Robin Prothro

"I think people are limited in the amount of money they are able to give and sometimes they have to make a choice," said Robin Prothro, Komen Maryland’s CEO. (Kenneth K. Lam, Baltimore Sun / October 4, 2012)

Komen Maryland counts on Race for the Cure to pay for programs and support services related to breast cancer, but as the date for the 20th annual event approaches the group is facing steep declines in the number of people signed up and the amount of money raised.

A little more than two weeks before the Oct. 21 event in Hunt Valley, registrations for the run/walk are off 42 percent and donations are down 55 percent, Komen Maryland disclosed Thursday.

The organization blames the weak economy and tightened purse strings, but marketing experts say it's more likely fallout from the controversial decision by its parent organization earlier this year to stop funding the social services organization Planned Parenthood.

Although that decision was eventually reversed, it is probably still fresh on the minds of people who perceived the move as politically driven by those who opposed Planned Parenthood's abortion services, some crisis management experts said.

"There's nothing else that would account for drops of this size," said Gene Grabowski, executive vice president of Levick, a strategic communications firm in Washington and New York. "I know they are trying to take steps to bounce back, but this is going to take some time. A lot of trust was lost because they committed probably the greatest sin — getting wrapped up in politics."

Komen Maryland executives worry that the deterioration in support will hurt the programs it funds and mean fewer women get mammograms and other support services. The group doled out $2.2 million to fund 26 programs around the state last year.

"People don't necessarily understand that if it doesn't have the big pink Komen ribbon on it that it could still be Komen funding that's paying for their mammogram, that's paying for groceries, that's paying for transportation and paying for the nurse that is navigating them through their treatment," said Rebecca McCoy, community health director of Komen Maryland.

But the group's officials also maintained that the effect of Planned Parenthood on participation is nominal and that the slow economic recovery has played a bigger role. Komen Maryland also faces increased competition from other organizations as well as other races held in October, including the Baltimore Running Festival, the group said.

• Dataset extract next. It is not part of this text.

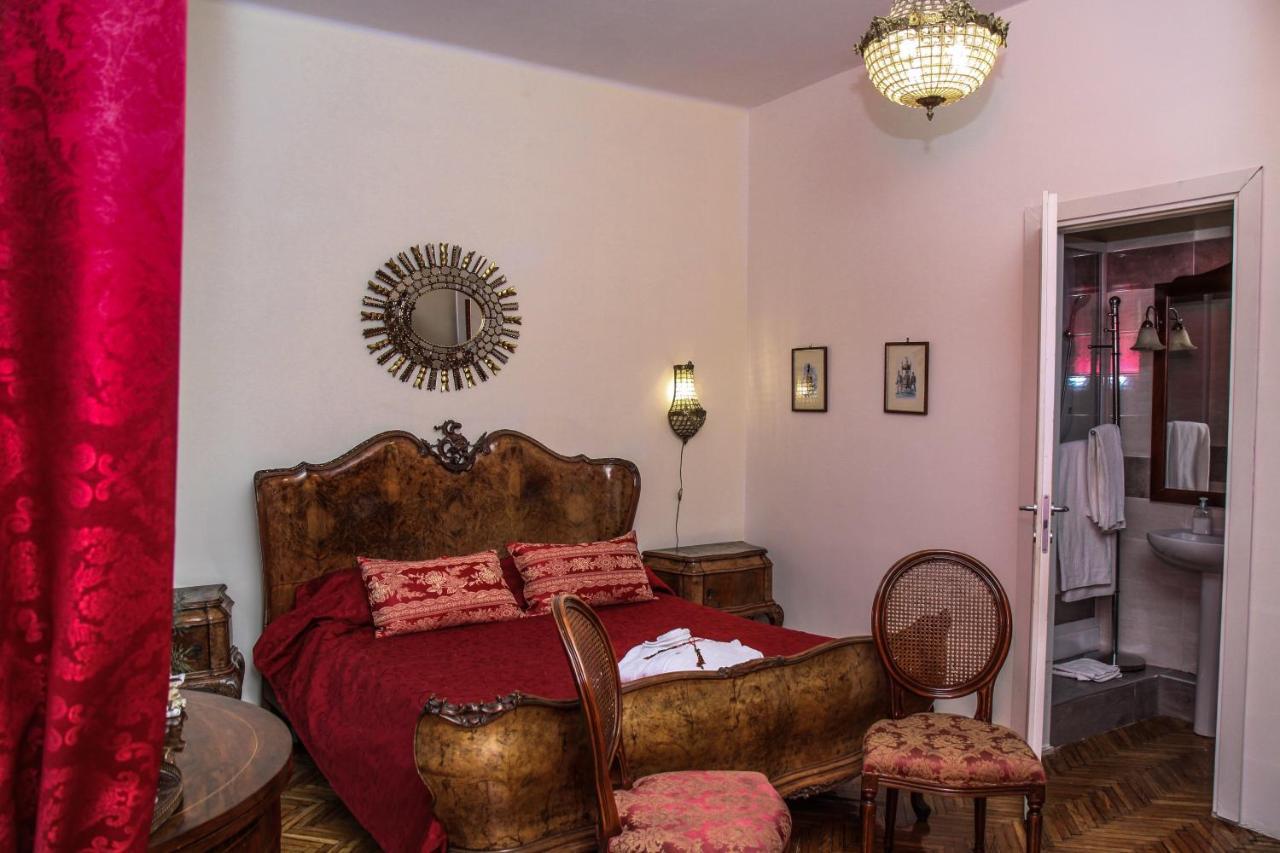 Well Come - Palazzo Reale Hotel Naples Luaran gambar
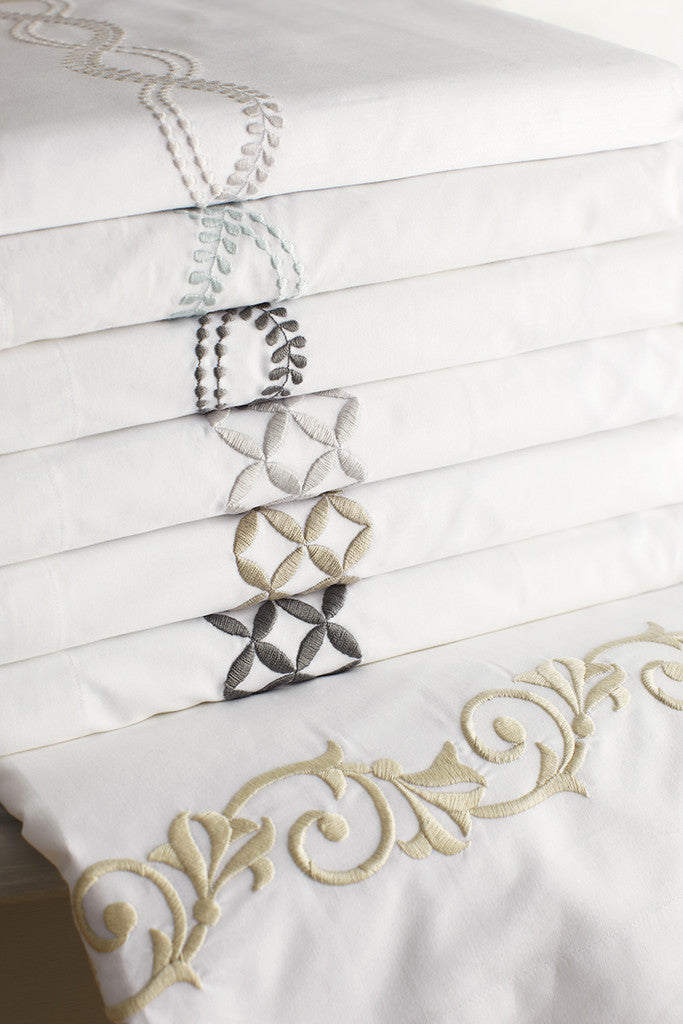 How to Store Your Linens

"I think people are limited in the amount of money they are able to give and sometimes they have to make a choice," said Robin Prothro, Komen Maryland's CEO. "Maybe people are buying houses and cars, but those may be considered a higher need and they are pulling back from other areas."

The Race for the Cure brought in $3.1 million last year, the biggest money-maker for the organization, which had revenue of $4.3 million.

The group is trying to distinguish itself from Susan G. Komen for the Cure, pointing out that just 25 percent of its revenue goes to the national organization. Otherwise, Komen Maryland operates as a separate entity that manages its own finances, Prothro said. The group never funded Planned Parenthood, so it never could deny the group funds, she said.

"There is confusion around what the local organization is doing versus the national organization," Prothro said. "I don't think people understand the history of Planned Parenthood and Komen Maryland."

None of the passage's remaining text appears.